Friday, April 22, 2016

A$AP Ferg - Always Strive & Prosper Review



Before dropping two of the most creative Trap bangers in recent memory A$AP Ferg was just another member of A$AP Rocky & The Mob, a collective only in name since their lead disciple was, at the time, the only worthwhile thing about them. Then 'Shabba' and 'Work' happened and Ferg was immortalized in his new, highly-refined foreign-influenced ignance. They were, and rightfully still are, filthy tracks, sporting vicious flows that mine Reggaeton and supporting beat columns that seek vengeance out of South Asia. It's also what Ferg will likely be most known for, establishing a presence beyond his certified, and stylistic, Experimental Trap will prove difficult. On Always Strive & Prosper he's going to do his best, attempting to appease every divisive crowd he has whilst also aspiring for the charts.
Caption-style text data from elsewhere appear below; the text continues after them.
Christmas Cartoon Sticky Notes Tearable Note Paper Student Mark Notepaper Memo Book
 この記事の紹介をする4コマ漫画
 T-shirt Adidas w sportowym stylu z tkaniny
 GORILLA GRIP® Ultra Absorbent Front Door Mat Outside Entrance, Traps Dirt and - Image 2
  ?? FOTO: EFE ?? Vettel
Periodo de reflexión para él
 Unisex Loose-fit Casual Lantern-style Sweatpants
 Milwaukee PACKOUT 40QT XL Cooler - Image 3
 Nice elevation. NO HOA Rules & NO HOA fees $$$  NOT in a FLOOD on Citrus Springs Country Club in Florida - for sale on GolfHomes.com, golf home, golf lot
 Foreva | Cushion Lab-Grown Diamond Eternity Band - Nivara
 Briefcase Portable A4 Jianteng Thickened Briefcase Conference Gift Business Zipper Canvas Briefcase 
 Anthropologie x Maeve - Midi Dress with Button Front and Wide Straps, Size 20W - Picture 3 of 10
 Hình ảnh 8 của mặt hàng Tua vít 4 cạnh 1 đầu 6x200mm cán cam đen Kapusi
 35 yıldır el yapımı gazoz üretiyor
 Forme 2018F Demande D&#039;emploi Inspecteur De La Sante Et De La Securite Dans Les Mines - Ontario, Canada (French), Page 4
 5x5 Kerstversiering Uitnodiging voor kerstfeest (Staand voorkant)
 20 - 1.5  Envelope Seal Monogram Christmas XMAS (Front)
The result is one incredibly confounded, unsure of its own existence and where it wants to be, bouncing between ideas at the flip of a coin. At times it's enthralling, others a blundering mess, which, in Ferg fashion, makes the final product all the more attractive. Loopholes sink into the fabric, bending Always Strive to uncontrollable whims, seeing an upstart continue to find his lane within the Mob, Hip-Hop, and music in general.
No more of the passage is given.